Coder's Cat

Caching: From Top To Bottom


Every programmer will encounter this computing concept: Caching.

It is a core and broad concept that every programmer should have a deep understanding of, it’s extremely important for system design and performance-critical programs.

There are only two hard things in Computer Science:
cache invalidation and naming things.
– Phil Karlton

Technologies come and faded, but the principle tends to remain more constant.

In the computing world, ubiquitous technologies originated from the concept of Caching. Caching is designed and implemented in multiple abstraction layers, ranging from CDN, web browser, operating system, CPU and algorithm design.


What’s Caching will give you the best and lively explanation of Caching.

From Wikipedia: “A cache is a hardware or software component that stores data so that future requests for that data can be served faster; the data stored in a cache might be the result of an earlier computation or a copy of data stored elsewhere.“

The essential idea of Caching is to use space for time optimization, it’s a trade-off between size and speed.

Caching is used in scenarios like:

  • Read operations outnumber write operation.

  • The operations go with the principle of locality.

    The benefits of Caching include increasing read throughput and reducing the system load on the backend.

    Here are some key aspects related to Caching:

  • The hit ratio

    $$ \frac{ N(hit) } { N(hit) + N(mishit) } $$

    A mis-hit means, the fetched content is not in Cache, and an additional request will be made to fetch it. Apparently, A higher hit rate means more efficiently the cache works.

  • The cache data accessing and updating strategy

    There are multiple Caching Strategies, we should choose the suitable one according to the data access pattern, that is to say, how the data is read and written.

    Furthermore, a usual cache is implemented with limited size. When the cache is full, we need to choose which cached content to be evicted (or replaced with new data), there are several normal strategies here:

  • Least recently used (LRU)

  • Least frequently used (LFU)

  • Most recently used (MRU)

  • First in, first out (FIFO)

    Meanwhile, caching may introduce some other issues, such as data inconsistency.

  • Single or distributed caching.

    Distributed caching is suitable for high traffic sites; it will be much more complicated in a distributed context.

    Let’s discuss some classic usages of Caching.


CDN(Content Delivery Networking) is the crucial Internet infrastructure, implementing the concept of Caching.

CDN improves the loading time of web pages and speeds up on-demand video downloads and streaming.
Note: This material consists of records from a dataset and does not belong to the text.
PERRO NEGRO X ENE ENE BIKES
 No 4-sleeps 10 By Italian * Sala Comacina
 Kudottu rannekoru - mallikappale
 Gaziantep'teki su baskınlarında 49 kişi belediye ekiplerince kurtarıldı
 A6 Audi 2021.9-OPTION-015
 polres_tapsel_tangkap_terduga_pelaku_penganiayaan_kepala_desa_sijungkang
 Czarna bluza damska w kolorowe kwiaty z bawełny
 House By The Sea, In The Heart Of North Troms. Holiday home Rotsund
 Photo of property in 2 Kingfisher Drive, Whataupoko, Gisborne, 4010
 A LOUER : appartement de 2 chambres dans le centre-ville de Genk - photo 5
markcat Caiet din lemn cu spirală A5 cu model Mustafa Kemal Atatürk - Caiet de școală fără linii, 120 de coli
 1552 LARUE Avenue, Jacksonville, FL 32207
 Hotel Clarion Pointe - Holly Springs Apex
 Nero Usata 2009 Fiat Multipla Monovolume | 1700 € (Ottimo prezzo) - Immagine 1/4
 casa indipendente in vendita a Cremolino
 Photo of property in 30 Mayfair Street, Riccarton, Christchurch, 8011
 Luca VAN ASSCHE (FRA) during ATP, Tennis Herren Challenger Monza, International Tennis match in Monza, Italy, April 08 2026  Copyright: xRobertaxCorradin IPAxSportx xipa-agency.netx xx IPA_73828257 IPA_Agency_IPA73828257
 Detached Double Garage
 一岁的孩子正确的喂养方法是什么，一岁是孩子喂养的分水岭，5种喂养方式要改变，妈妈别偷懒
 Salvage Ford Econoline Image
When we are streaming videos of Netflix, instead of fetching the video directly from the central server, the client downloads the video from the CDN node, which geographically closes to us, shortening the loading time.


A typical CDN workflow is:

When the client requests data from the CDN node, the CDN node checks whether the cached data is out of date.

  • If the cached data has not expired, the cached data is directly returned to the client.

  • Otherwise, the CDN node sends a request to the Origin Server. Pull the latest data from the Origin Server, update the local cache, and then return the latest data to the client.

    The trade-off here is how long will the CDN node cache content, which has a direct impact on the “hit ratio”.

    If the CDN cache time is short, the data on the CDN edge node is most likely to be outdated, resulting in frequent requests to the Origin Server, which increases the system load of source servers and delays the user’s access. If CDN cache time is too long, expired data may be served to the client.

    Follow up question: How a CDN server checks whether a client has the latest cached content?

    The answer is referring to the HTTP caching methodology.

HTTP Caching

In the context of the Web, users read more frequently than write.

Fetching data over the network is both slow and expensive, thus the ability to cache and reuse previously fetched resources is critical for optimizing performance.

There are a bunch of cache schemas used in the context of HTTP. The most important cache header is cache-control.


  • Cache-Control: no-store The cache should not store anything about the client request or server response. A request is sent to the server and a full response is downloaded each and every time.
  • Cache-Control: no-cache A cache will send the request to the origin server for validation before releasing a cached copy.
  • Cache-Control: private “private” indicates that the response is intended for a single user only and must not be stored by a shared cache. A private browser cache may store the response in this case.
  • Cache-Control: public The “public” directive indicates that the response may be cached by any cache. If content needs to be cached in CDN, “public” is required.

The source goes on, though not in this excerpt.